_REQUIREMENT_. The answer is the data below, repeated exactly, with no pictures included.

_DATA EXTRACT_.
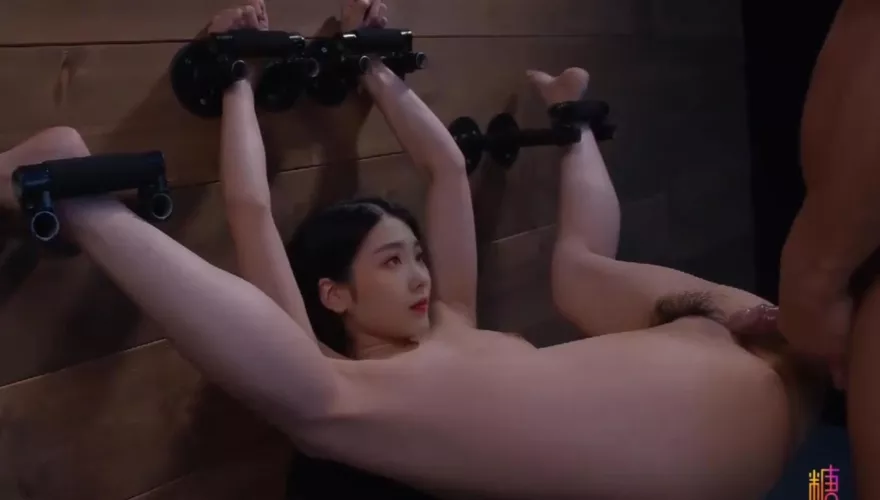 Her name or code, please 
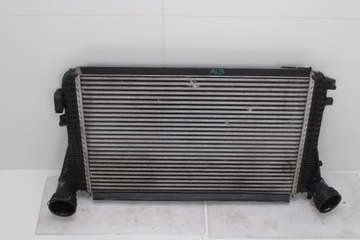 CHLADIČ INTERCOOLER VW PASSAT B6 05-10R 2.0 TDI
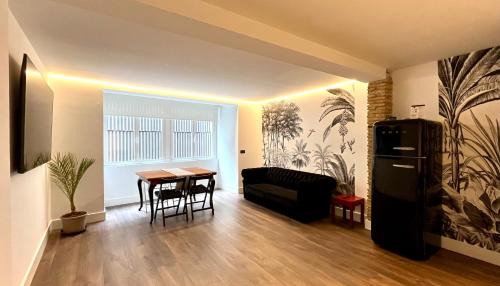 Casco Viejo Apartamento | Luxury Pintoreria Vitoria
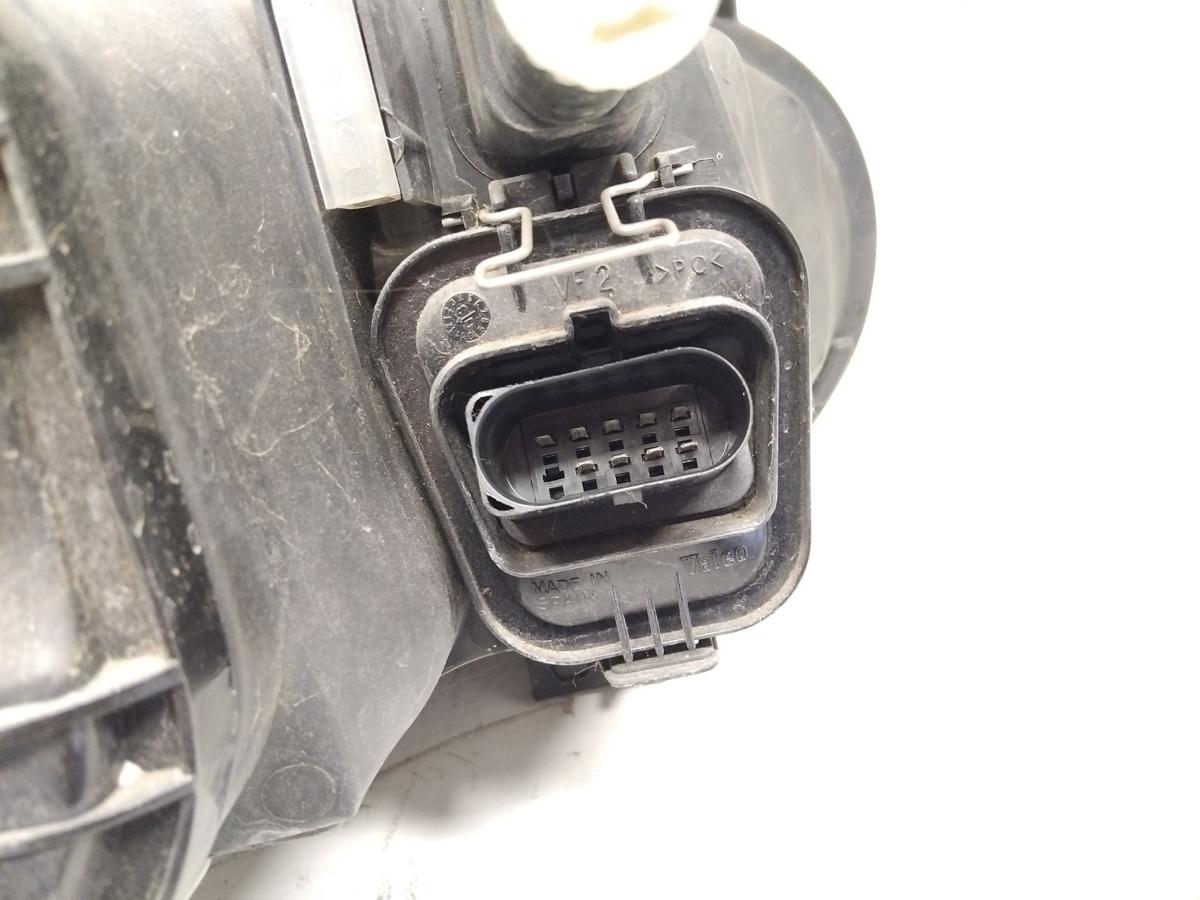 VW Golf 4 1J original Scheinwerfer links mit LWR ohne NSW BJ2003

_WRITTEN ANSWER_.
 Her name or code, please 
 CHLADIČ INTERCOOLER VW PASSAT B6 05-10R 2.0 TDI
 Casco Viejo Apartamento | Luxury Pintoreria Vitoria
 VW Golf 4 1J original Scheinwerfer links mit LWR ohne NSW BJ2003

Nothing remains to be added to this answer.